### Your goal
With the pictures left out, transcribe exactly the lines from the one with "Premium Lightweight Aluminum" through the end of the data.

### Recorded information
########################################
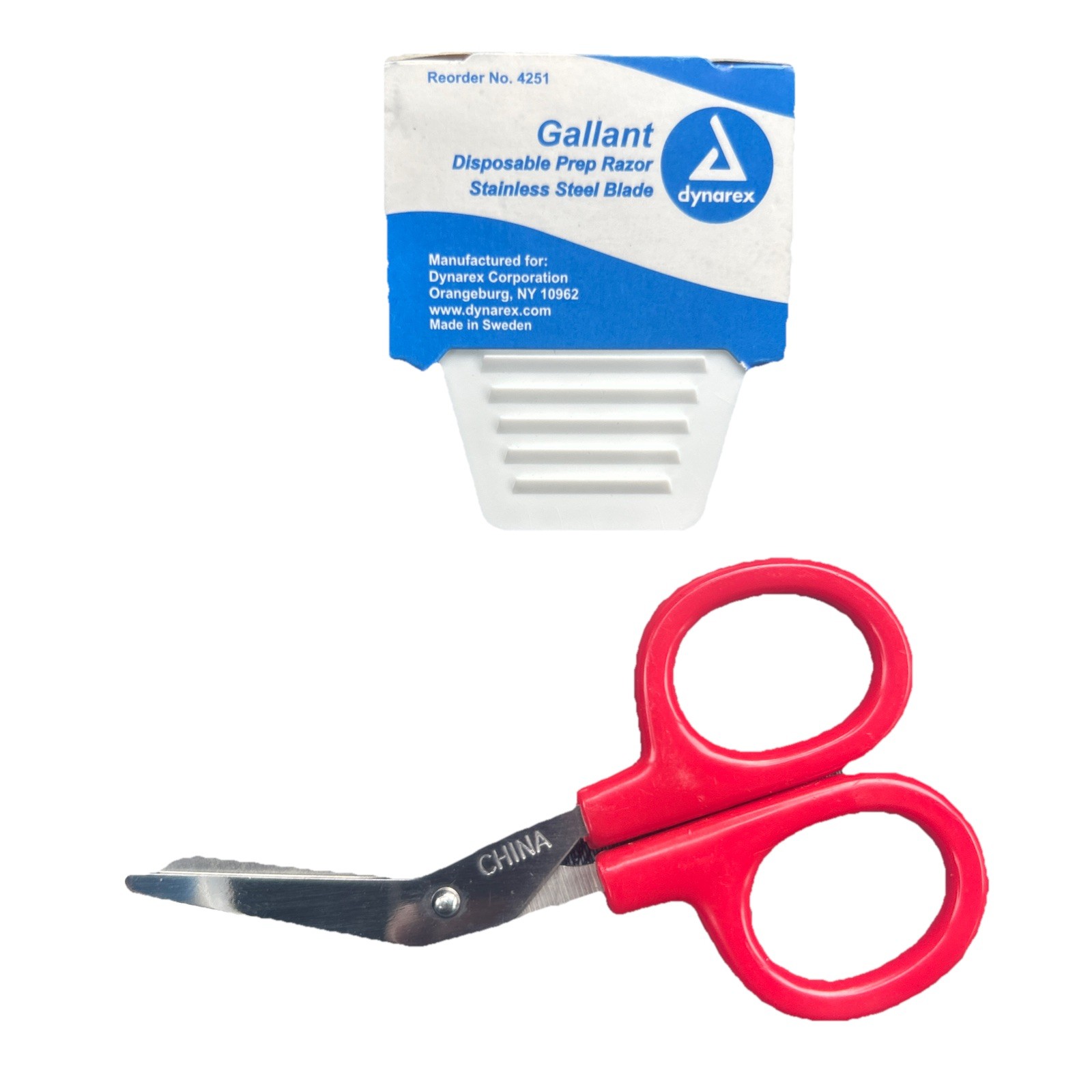EMT PARAMEDIC UTILITY SHEARS EMS ENT SCISSORS RED - Stainless Steel H4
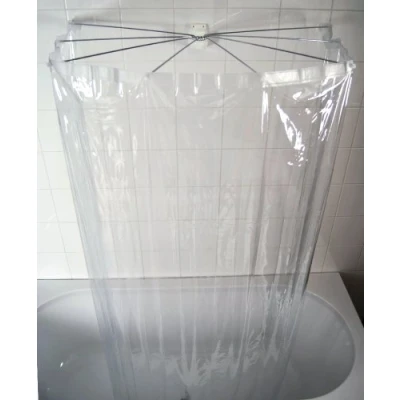 Imagen de Ridder 582000 350 Ombrella kristall Cortina de Ducha, Estructura Paraguas, Transparente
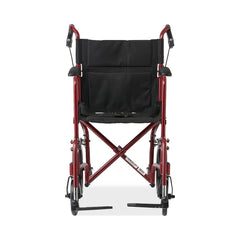 Premium Lightweight Aluminum Transport Wheelchair - 300 lbs Capacity with Padded Arms & Safety Belt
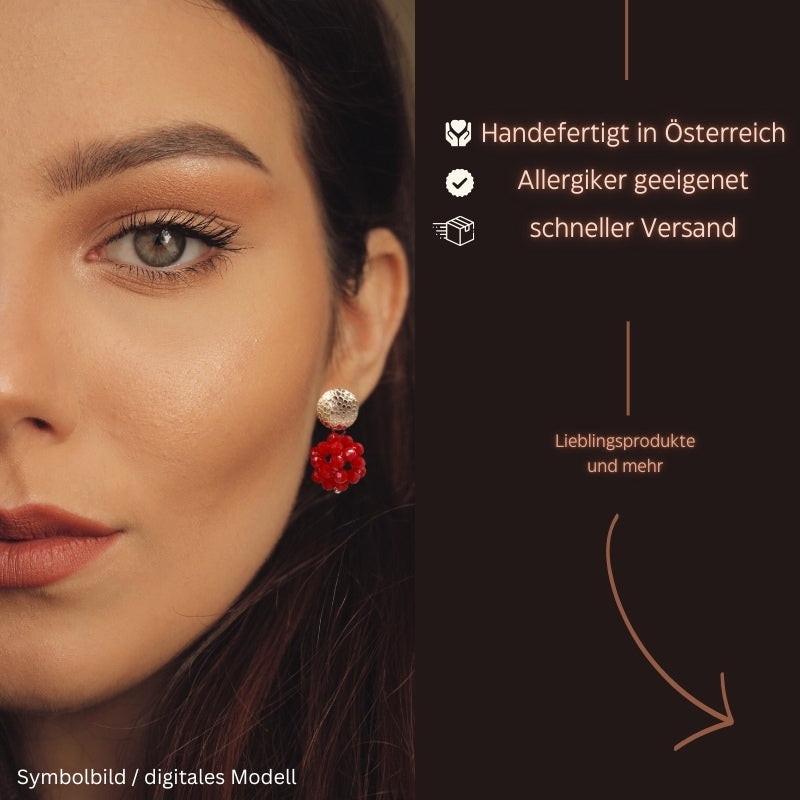 Ohrring Luisa rot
########################################
### Expected output
 Premium Lightweight Aluminum Transport Wheelchair - 300 lbs Capacity with Padded Arms & Safety Belt
 Ohrring Luisa rot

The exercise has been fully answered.